▸ **Data excerpt**:
=======
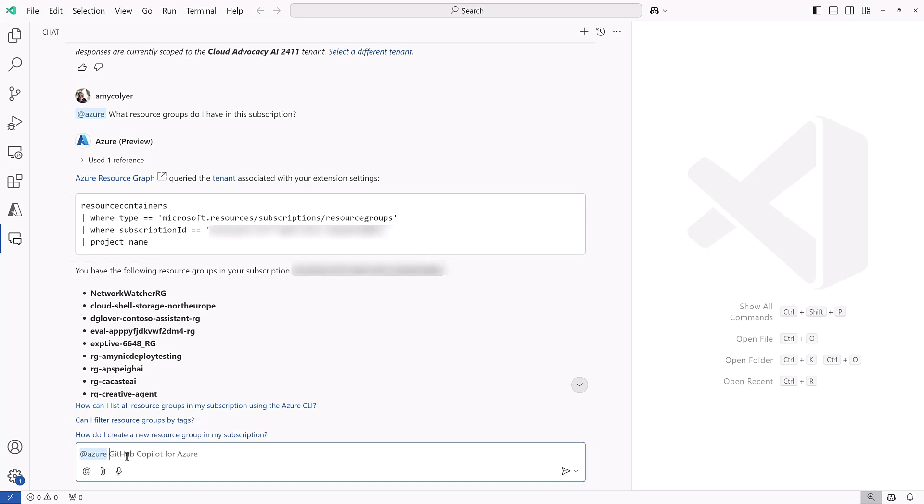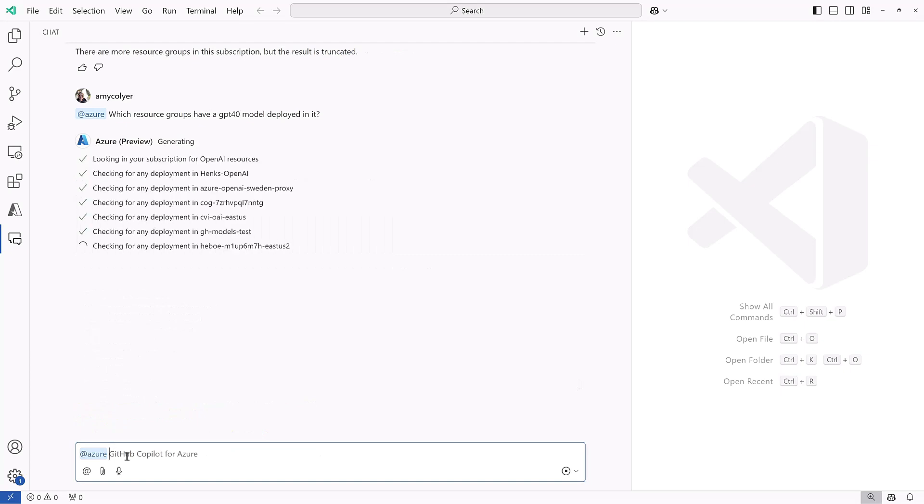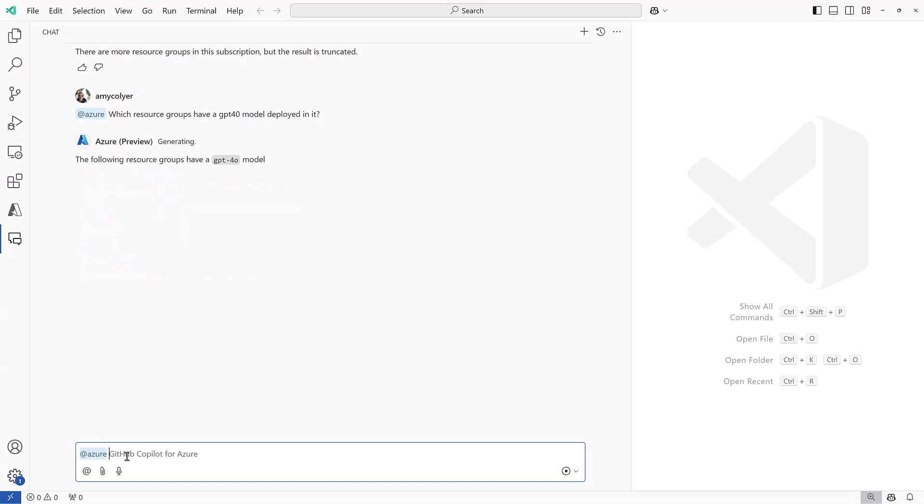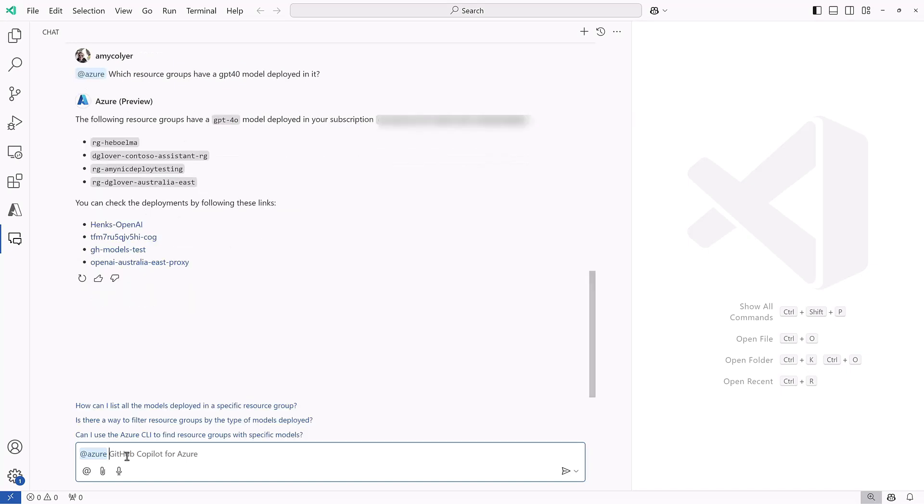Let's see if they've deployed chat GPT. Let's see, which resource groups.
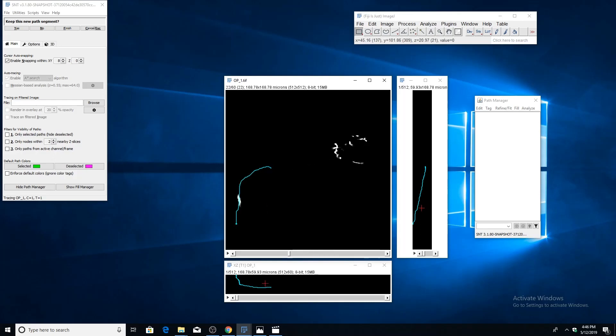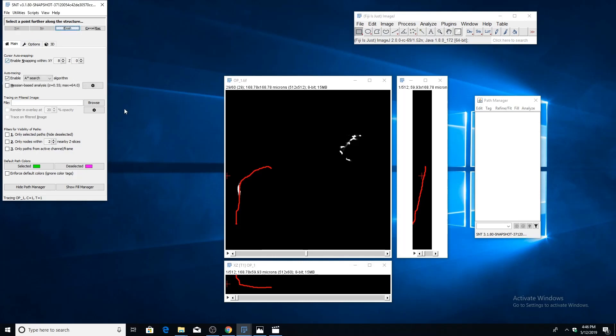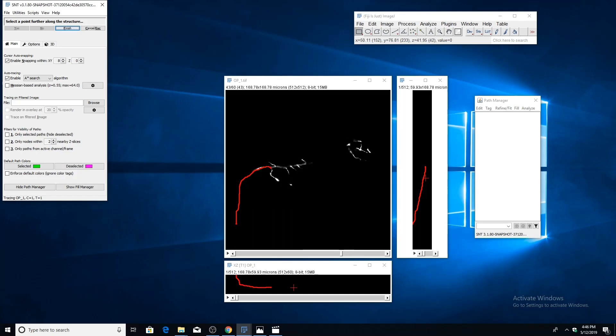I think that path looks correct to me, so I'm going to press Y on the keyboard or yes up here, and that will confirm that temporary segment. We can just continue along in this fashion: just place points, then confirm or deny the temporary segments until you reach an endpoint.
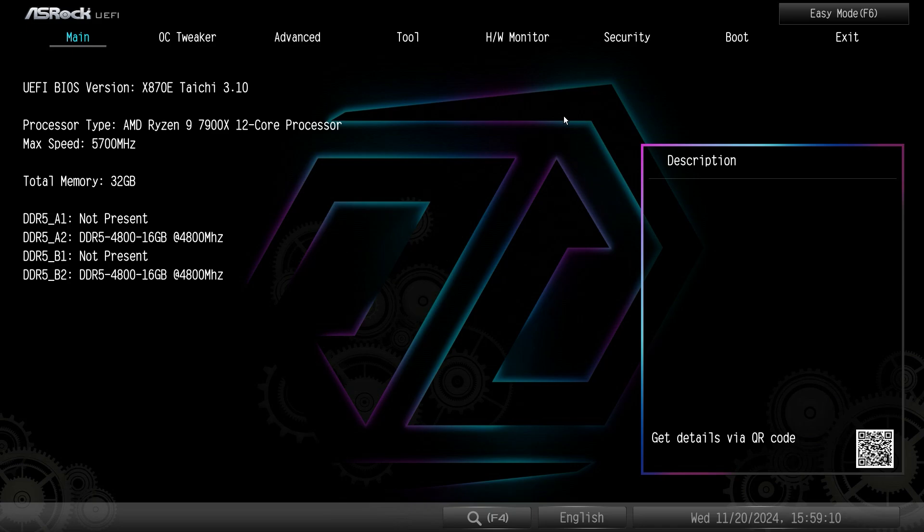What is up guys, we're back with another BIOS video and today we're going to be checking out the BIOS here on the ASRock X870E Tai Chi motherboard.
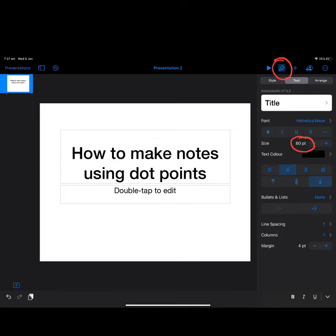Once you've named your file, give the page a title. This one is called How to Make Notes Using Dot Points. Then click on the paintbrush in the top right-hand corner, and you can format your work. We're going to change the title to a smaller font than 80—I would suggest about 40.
=======
▸ **Task item**:
A faithful transcription of the material, with no pictures, is the expected result.

▸ **Answer box**:
Let's see if they've deployed chat GPT. Let's see, which resource groups.
I think that path looks correct to me, so I'm going to press Y on the keyboard or yes up here, and that will confirm that temporary segment. We can just continue along in this fashion: just place points, then confirm or deny the temporary segments until you reach an endpoint.
What is up guys, we're back with another BIOS video and today we're going to be checking out the BIOS here on the ASRock X870E Tai Chi motherboard.
Once you've named your file, give the page a title. This one is called How to Make Notes Using Dot Points. Then click on the paintbrush in the top right-hand corner, and you can format your work. We're going to change the title to a smaller font than 80—I would suggest about 40.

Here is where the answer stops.